Reproduce exactly, leaving out pictures, each line from the one holding "Gruppenfoto aller Mitarbeiterinnen" through the final line of the listing, and add nothing.

Data in this exercise -
* * * * *

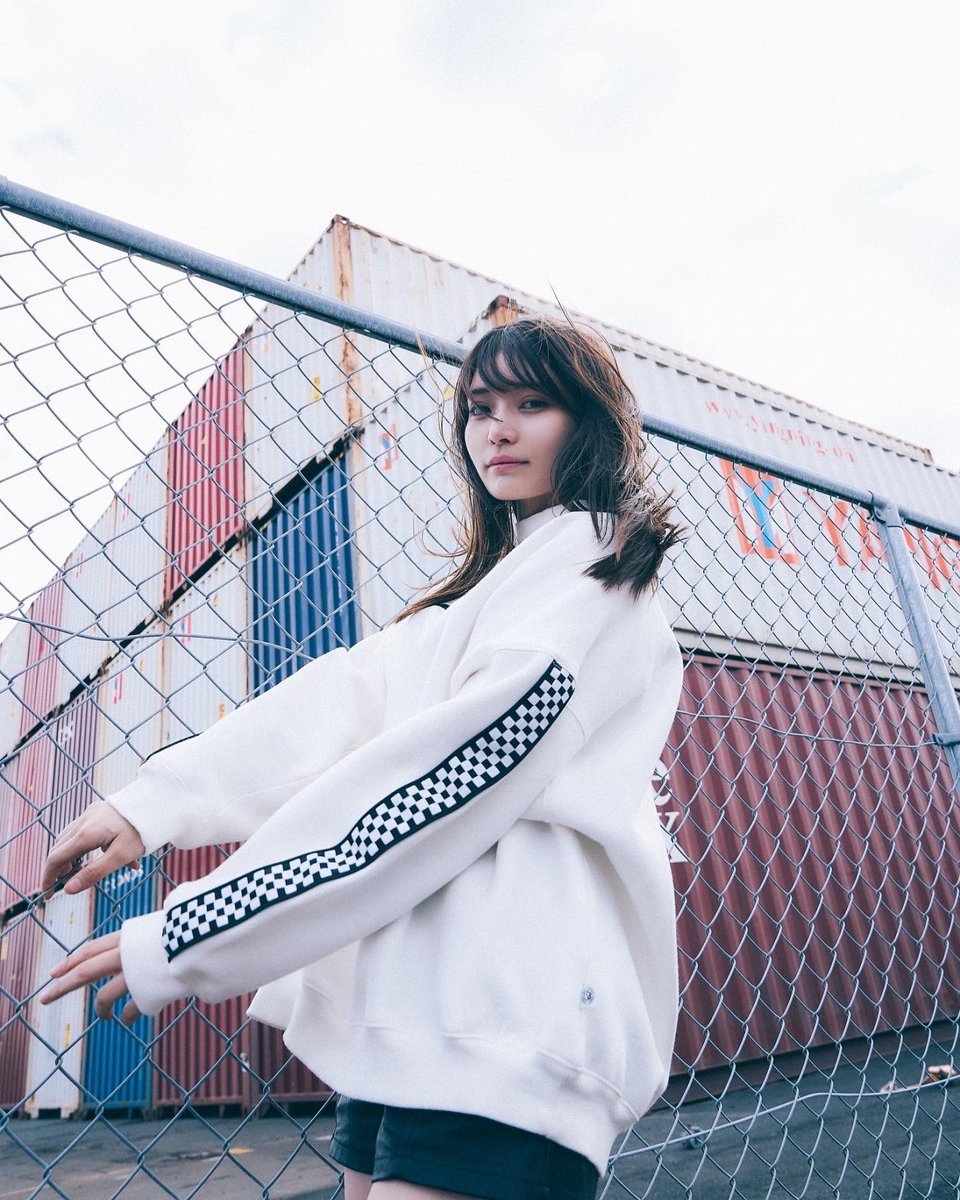 あけましておめでとうございます🌸

今年も一緒に思い出作ろうね！♡ https://t.co/KWOUTpMidI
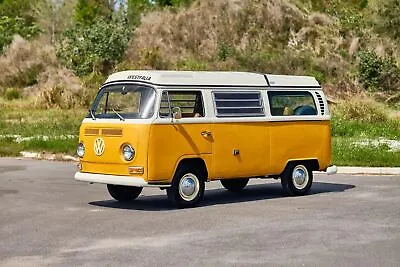 1969 Volkswagen Westfalia Camper Bus  • $6000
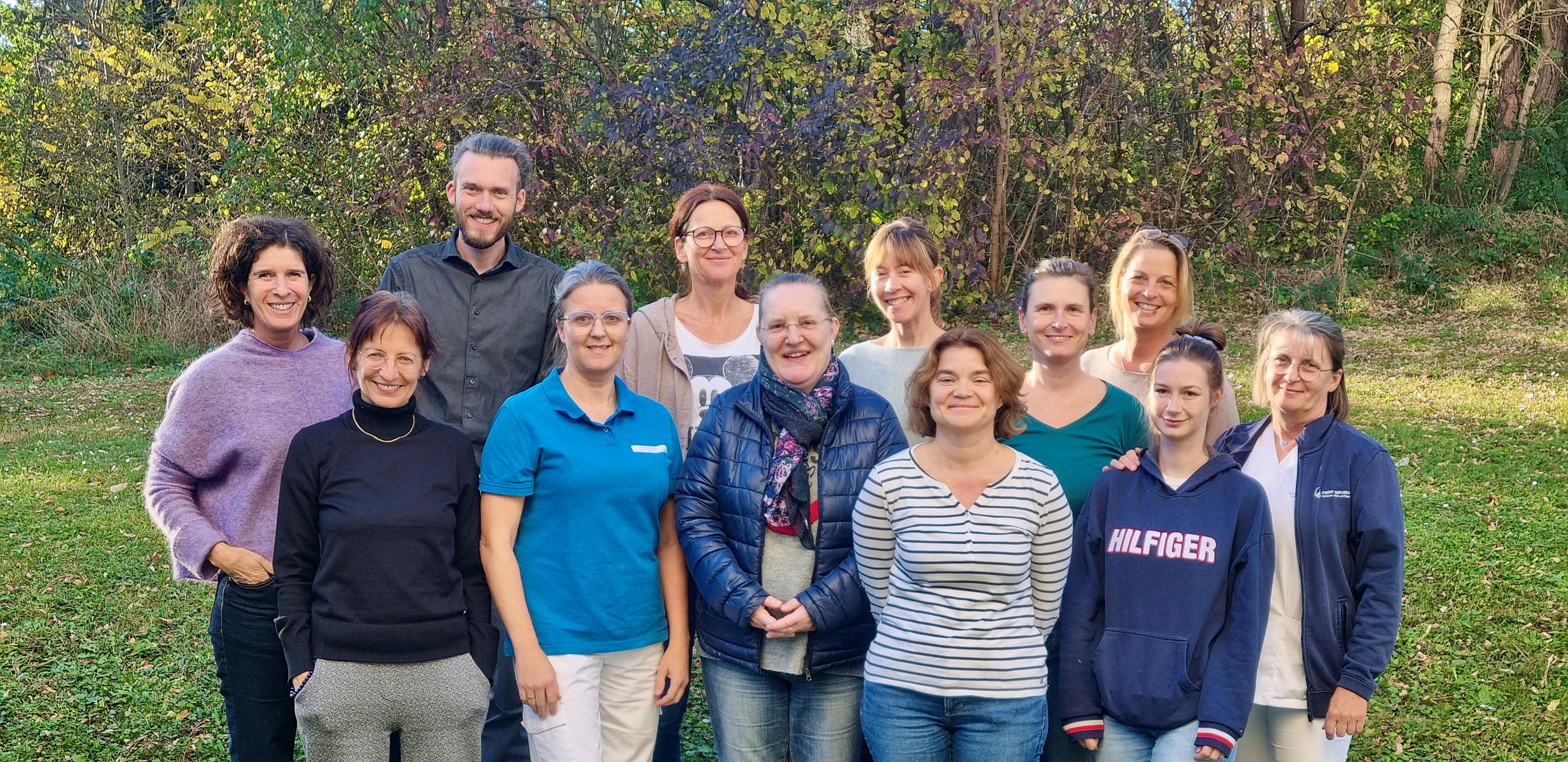 Gruppenfoto aller Mitarbeiterinnen und Mitarbeiter im Palliativ-Team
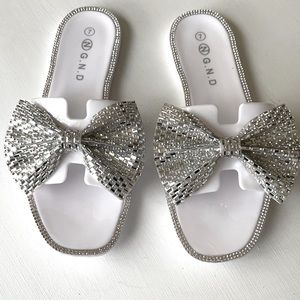 GND  wedding slippers silver bowed slides with faux diamonds around bottom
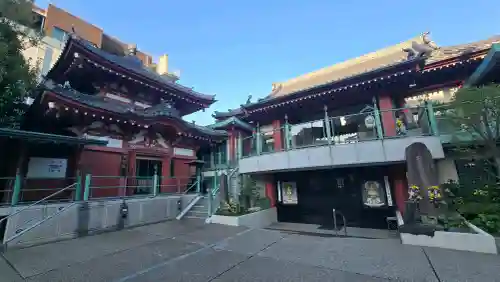 法乗院（深川閻魔堂）の{uncategorized: "未分類", other: "その他", undefined: "問題あり", building: "その他建物", grave: "お墓", sacred_gate: "鳥居", guardian: "狛犬", statue: "像", buddha: "仏像", history: "歴史", nature: "自然", garden: "庭園", animal: "動物", pagoda: "塔", temizu: "手水舎", mountain_gate: "山門・神門", sanctuary: "本殿・本堂", subordinate: "末社・摂社", art: "芸術", scenery: "景色", jizo: "地蔵", ema: "絵馬", goshuin: "御朱印", omikuji: "おみくじ", items: "授与品その他", amulet: "お守り", goshuincho: "御朱印帳", eats: "食事", festival: "お祭り", votive_dance: "神楽", shichigosan: "七五三参", wedding: "結婚式", experience: "体験その他", initially: "初詣", around: "周辺", anti_infection: "感染症対策"}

* * * * *

Solution to this task -
 Gruppenfoto aller Mitarbeiterinnen und Mitarbeiter im Palliativ-Team
 GND  wedding slippers silver bowed slides with faux diamonds around bottom
 法乗院（深川閻魔堂）の{uncategorized: "未分類", other: "その他", undefined: "問題あり", building: "その他建物", grave: "お墓", sacred_gate: "鳥居", guardian: "狛犬", statue: "像", buddha: "仏像", history: "歴史", nature: "自然", garden: "庭園", animal: "動物", pagoda: "塔", temizu: "手水舎", mountain_gate: "山門・神門", sanctuary: "本殿・本堂", subordinate: "末社・摂社", art: "芸術", scenery: "景色", jizo: "地蔵", ema: "絵馬", goshuin: "御朱印", omikuji: "おみくじ", items: "授与品その他", amulet: "お守り", goshuincho: "御朱印帳", eats: "食事", festival: "お祭り", votive_dance: "神楽", shichigosan: "七五三参", wedding: "結婚式", experience: "体験その他", initially: "初詣", around: "周辺", anti_infection: "感染症対策"}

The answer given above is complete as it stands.